User:Johnsy/Advanced Modelling in Biology/Discrete Systems: Difference between revisions

Discrete Systems

Discrete systems are systems with non-continuous outputs with the result for each time step being determined by the previous time step. The equivalent to differential equations (continuous systems) in discrete system are known as difference equations such as the one shown below. Since the difference equation tells us about the next time step, it is known as a 1st order difference equation.

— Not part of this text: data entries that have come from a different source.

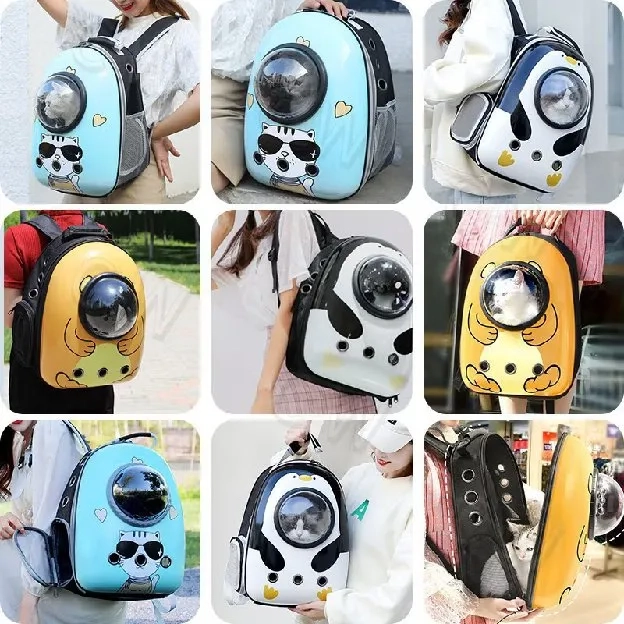 Tas kucing astronot Ransel kucing transparan Ransel luar ruangan kucing Ransel kucing yang bagus Aks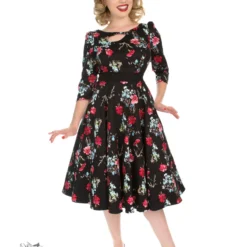 Yasmin Floral Tea Dress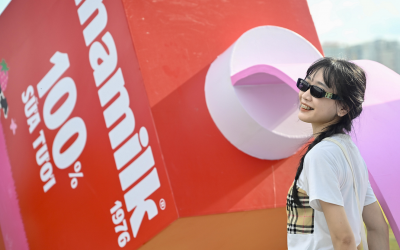 Ông lớn ngành sữa thử nghiệm cách thức quảng cáo mới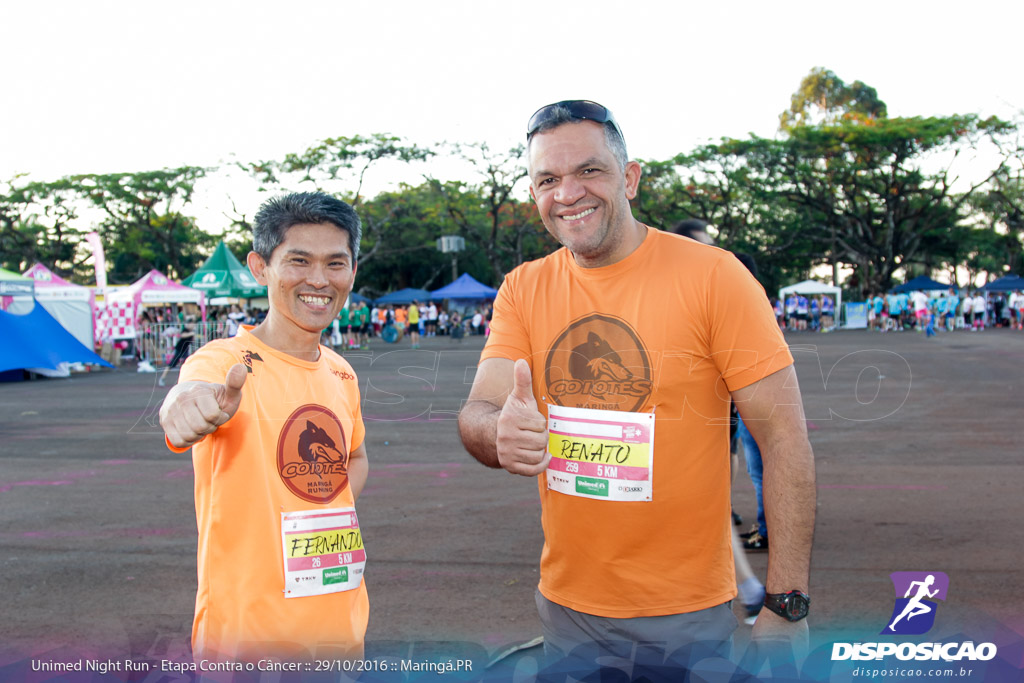 Unimed Night Run: Etapa Contra o Câncer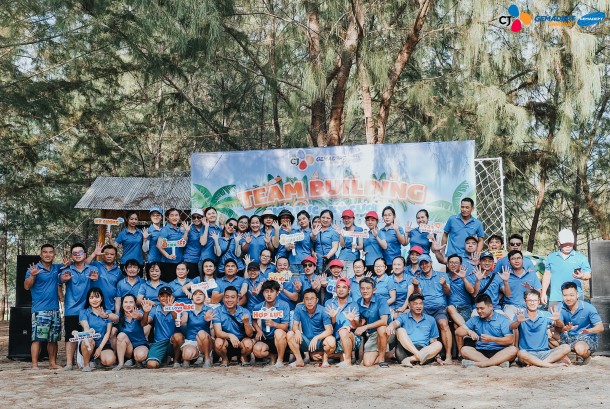 GDG tổ chức thành công chương trình Gala dinner và Teambuilding cho Gemadept Shipping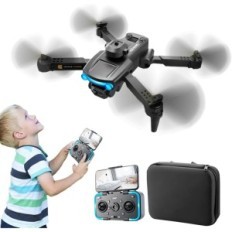 Mini drron hllgt m5 avec une caméra rotative 360 ° 4K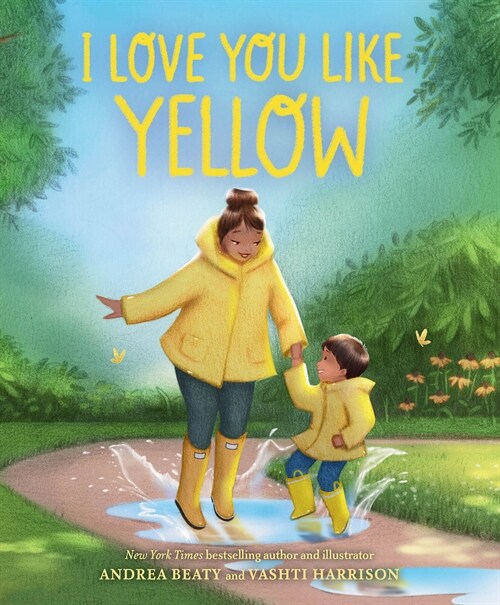 I Love You Like Yellow: A Board Book (Board Books)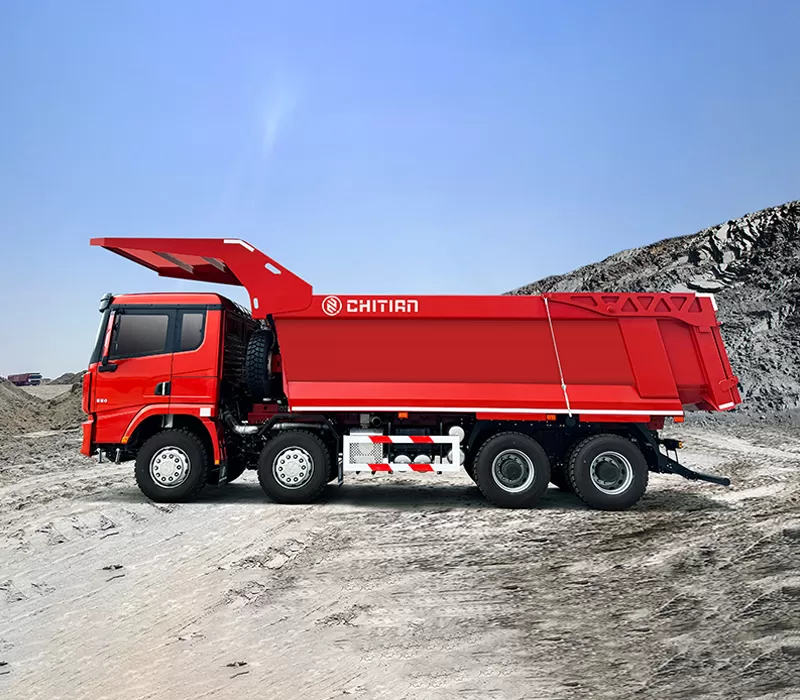 Heavy-duty Road Mining Dump Truck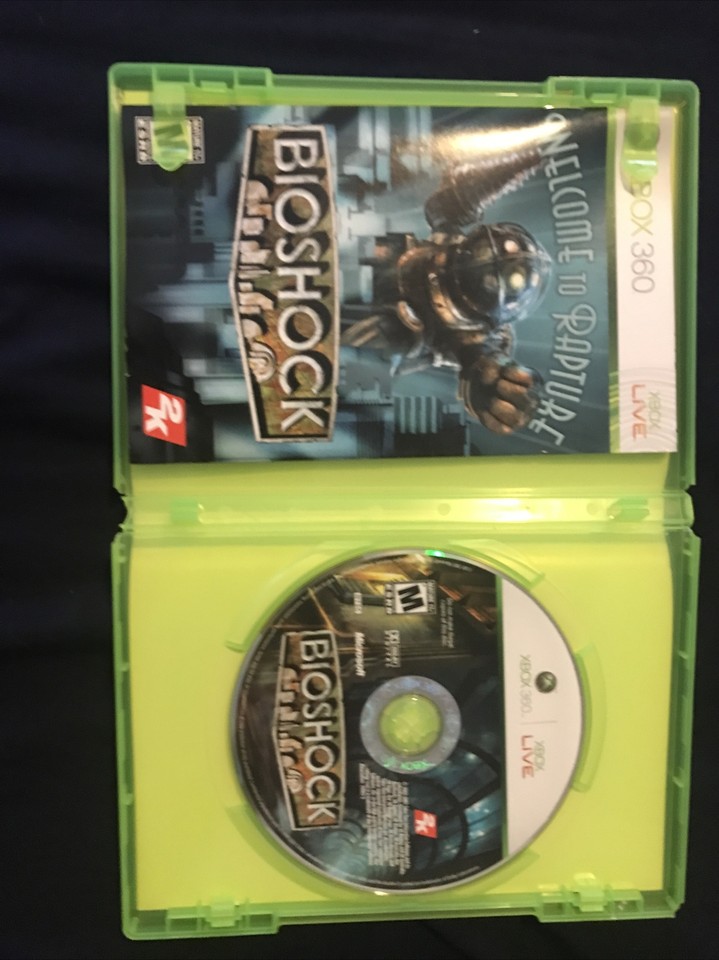BioShock 2 Promo Press – Xbox 360, PAL, Neuf Sous Blister – Jeu Action Aventure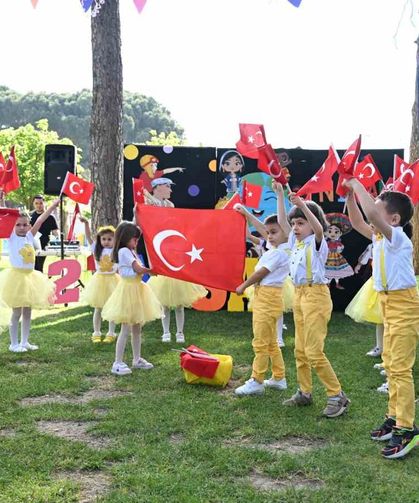 Aydın BŞB, Çocuk Gelişim Merkezleri’nde 23 Nisan coşkusu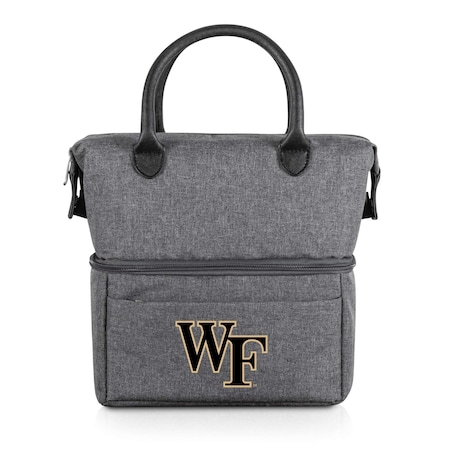 Picnic Time Family Of Brands NCAA Wake Forest Demon Deacons Urban Lunch Bag - Cooler Lunch Tote 511-00-154-614-0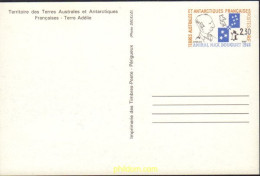 594273 MNH ANTARTIDA FRANCESA 1989 ALMIRANTE MAX DOUGUET - Neufs
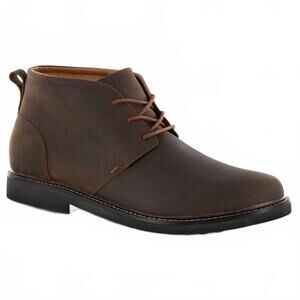 NEW APEX men's hudson chukka boot in brown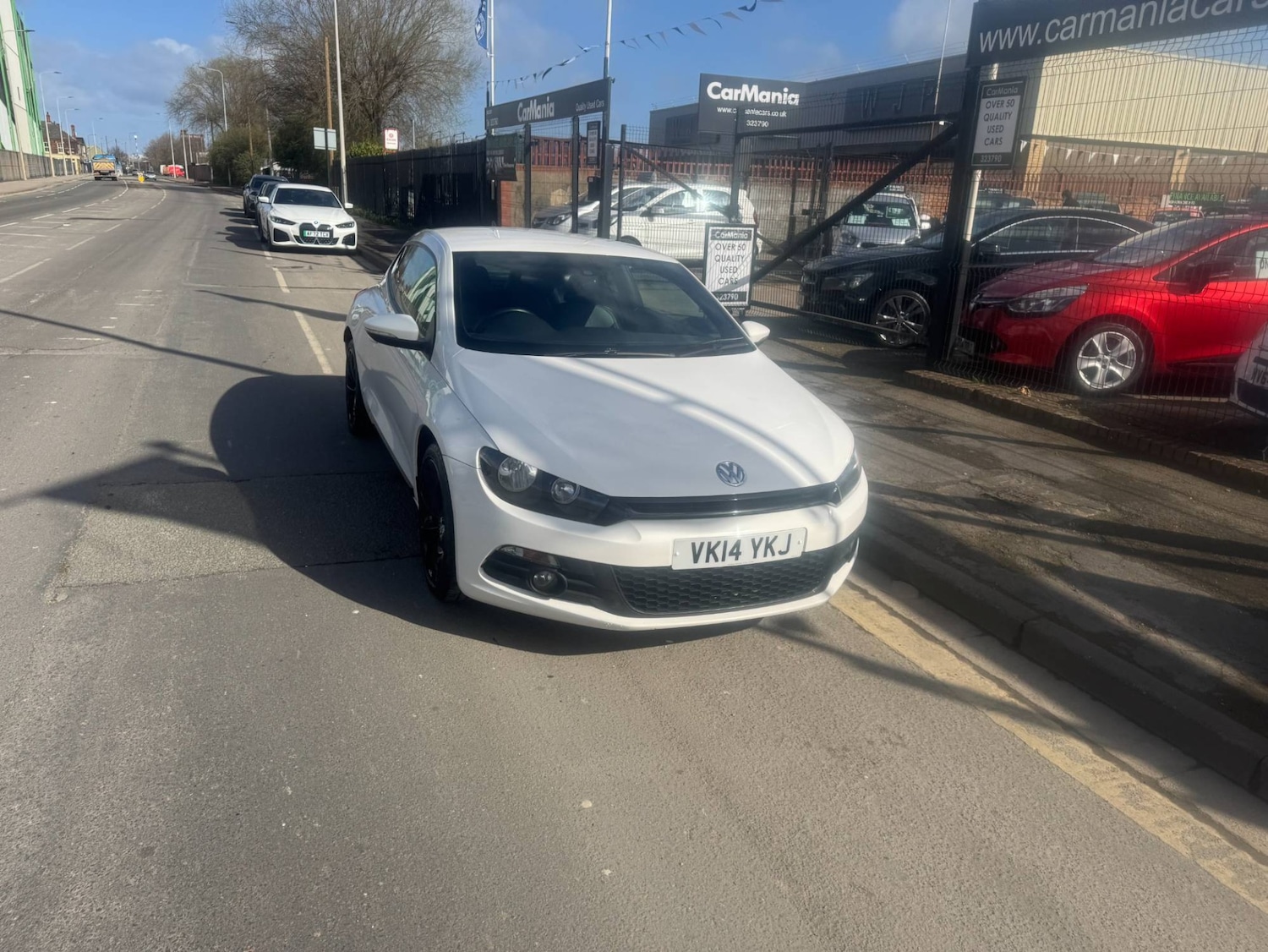 Used Volkswagen Scirocco 2014 for sale - 78064524: Photo 3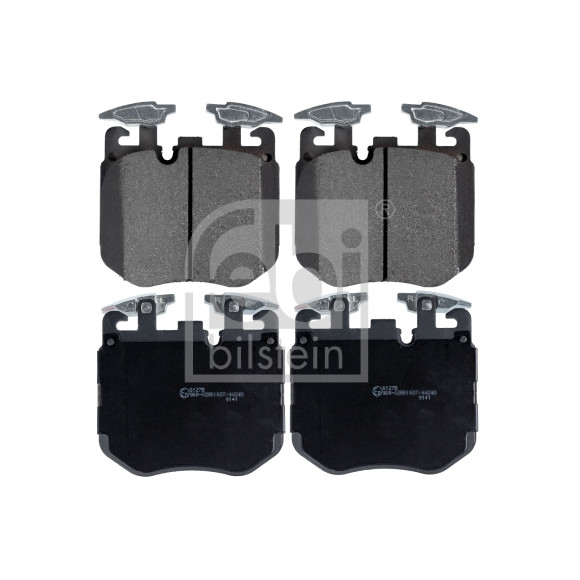 Klocki hamulcowe przód BMW G11 G12 G05 G14 G15 F20 G21 G30 G31 G32 - 34106888459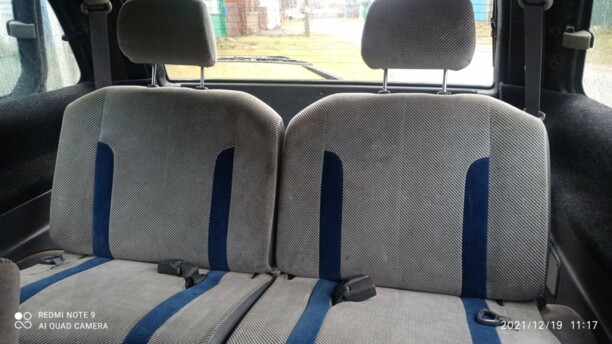 Toyota Previa I (XR10, XR20), 7 мест, 1990 г.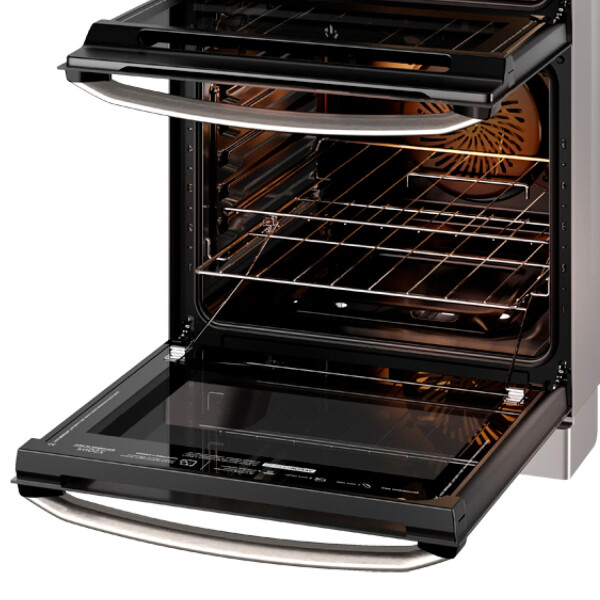 Cocina Electrolux Fe4dc-inox Doble Horno COCINA ELECTROLUX FE4DC 2 HORNOS INOX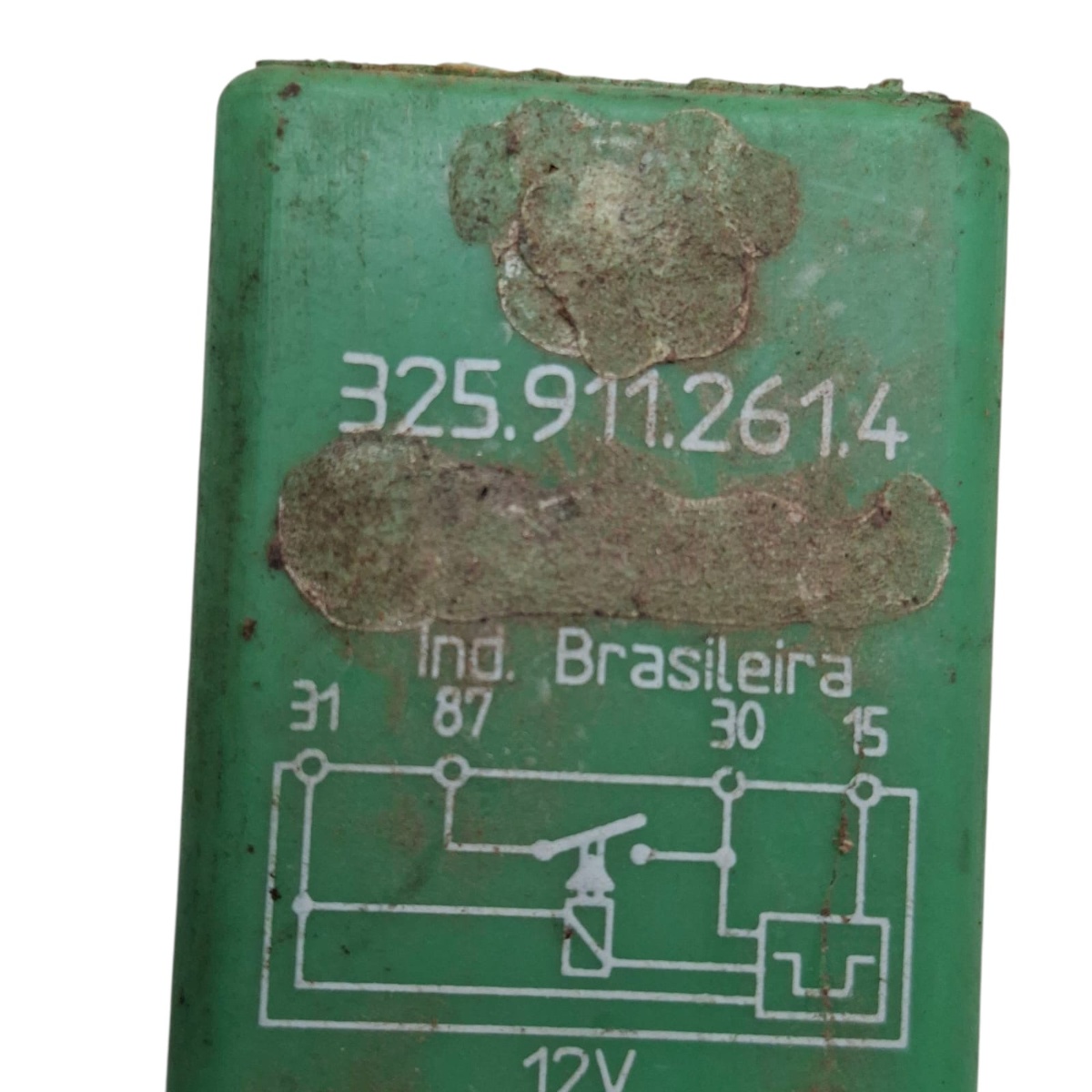 Rele Bomba Combustível Injeção 1 Bico P/ Vw Ford 3259112614 12 - Imagem 4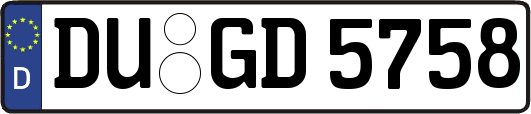 DU-GD5758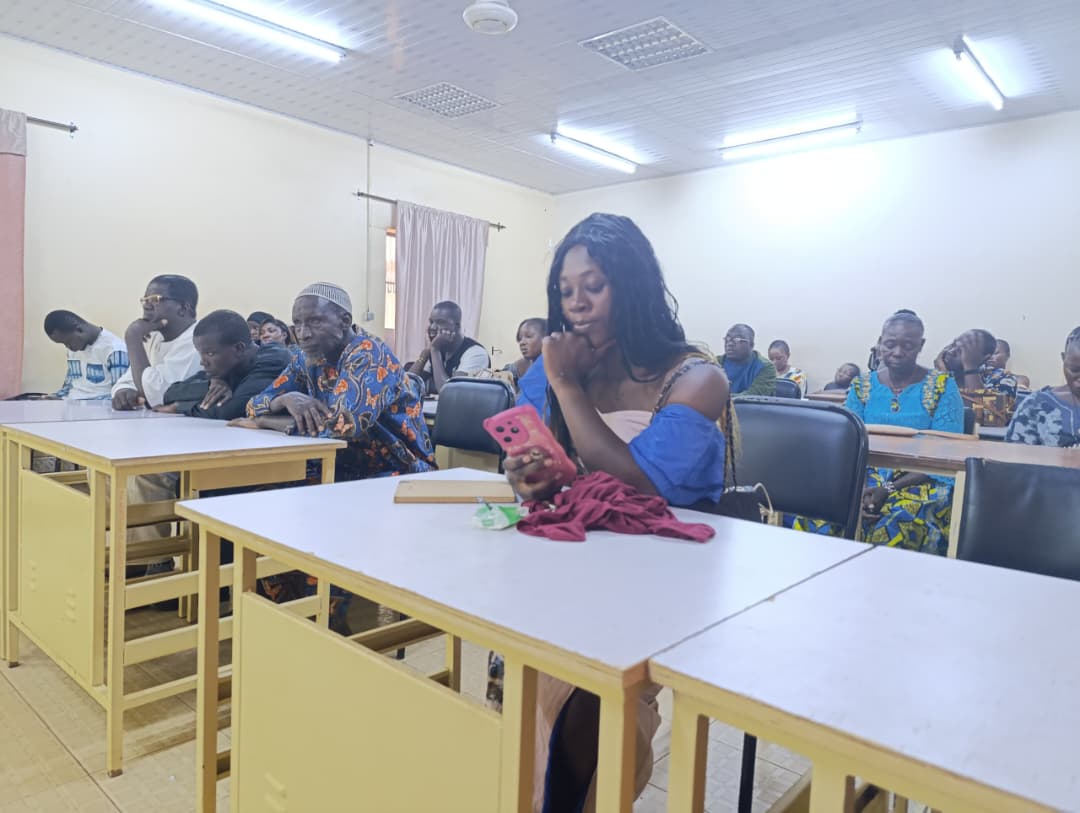 Soutenance de Master sur l'adoption de l'IA en journalisme au Burkina, 13 novembre 2025 à Ouagadougou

[math]\displaystyle{ x_{t+1} = rx_t }[/math]

This is the discrete equivalent of the differential equation:

[math]\displaystyle{ \frac{dx}{dt} = rx }[/math]

How do we solve these difference equations?

1) By guessing (ansatz - German for "guess")

Let us assume that the solution is in the form

[math]\displaystyle{ x_t = A \beta ^t }[/math]

Then substituting into the difference equation, we get

[math]\displaystyle{ A \beta ^{t+1} = rA \beta ^t }[/math]

[math]\displaystyle{ r = \beta }[/math]

And hence the solution to the difference equation is

[math]\displaystyle{ x_t = x_0 r^t }[/math]

2) Z-transform - the discrete equivalent to the Laplace transform, an organized way to find solutions

What are the behaviors of the solution [math]\displaystyle{ x_t = x_0 r^t }[/math]?

There are 4 different regimes, depending on the value of r.

If r > 1, then x_t approaches infinity.

If 0 < r < 1, then x_t approaches zero.

If -1 < r < 0, then x_t approaches zero in an oscillatory manner.

If r < -1, then x_t approaches infinity in an oscillatory manner.

Remember that if we have non-linear systems, it is difficult to obtain the global stability analysis of the problem, however, we can see from the above different behaviors that we can generalize it into stable and unstable behaviors as shown in the table below.

Stability Analysis

Higher Order Difference Equations

A second order difference equations would tell us about the state of the system two time steps away, for example:

[math]\displaystyle{ x_{t+2} = ax_{t+1} + bx_t }[/math]

How do we go about solving this system? We again solve by guessing for the correct solution. We have our initial guess again as [math]\displaystyle{ x_t = Ar^t }[/math]. Substituting into our original equation, we get:

[math]\displaystyle{ Ar^{t+2} = aAr^{t+1} + bAr^t }[/math]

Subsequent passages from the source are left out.